Now, it is supported. The semantics are that the table creation happens at the transaction timestamp, but the backfill that's performed to fetch the data from the SELECT is performed at the user-specified timestamp x.

This is useful for copying data from tables that are experiencing write traffic. Reading the contended table's data at a historical timestamp avoids contention on the CREATE TABLE AS.

informs #39123
Epic: CRDB-43310
Release note (sql change): CREATE TABLE AS SELECT ... FROM ... AS OF SYSTEM TIME x is now supported.

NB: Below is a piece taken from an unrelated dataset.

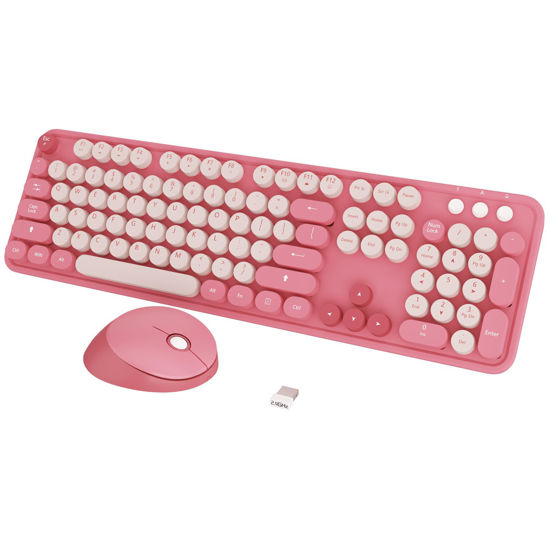 Picture of Wireless Keyboard,KOOTOP Cute Colorful 104 Keys Typewriter Retro Round Keycaps Keyboard for PC Laptop,Desktop,Windows, Home and Office Keyboards(Pink)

It cannot be executed within an explicit transaction.

@rafiss rafiss requested a review from fqazi February 28, 2025 20:29
@rafiss rafiss requested review from a team as code owners February 28, 2025 20:29
@rafiss rafiss requested review from rytaft and removed request for a team February 28, 2025 20:29
@cockroach-teamcity
Copy link
Copy Markdown
Member

This change is Reviewable

Copy link
Copy Markdown
Collaborator

@fqazi fqazi left a comment

Choose a reason for hiding this comment

The reason will be displayed to describe this comment to others. Learn more.

Great work! Just a few minor questions.

:lgtm:

Reviewed 7 of 7 files at r1, all commit messages.
Reviewable status: :shipit: complete! 1 of 0 LGTMs obtained (waiting on @rytaft)


pkg/sql/conn_executor_exec.go line 2788 at r1 (raw file):

			return nil
		}
		originalTxn := planner.txn

As a future thing we may want a protected timestamp


pkg/sql/conn_executor_exec.go line 2798 at r1 (raw file):

		planner.extendedEvalCtx.Descs = historicalCollection
		restoreOriginalPlanner = func() {
			historicalCollection.ReleaseAll(ctx)

Does the historicalTxn itself need a clean up? Or will the planner commit / rollback the txn on its own.

Copy link
Copy Markdown
Contributor

@spilchen spilchen left a comment

Choose a reason for hiding this comment

The reason will be displayed to describe this comment to others. Learn more.

Reviewable status: :shipit: complete! 1 of 0 LGTMs obtained (waiting on @fqazi, @rafiss, and @rytaft)


pkg/sql/conn_executor_exec.go line 2788 at r1 (raw file):

Previously, fqazi (Faizan Qazi) wrote…

As a future thing we may want a protected timestamp

Would the protected timestamp prevent GC from removing deleted rows during backfill? If so, it seems kind of important.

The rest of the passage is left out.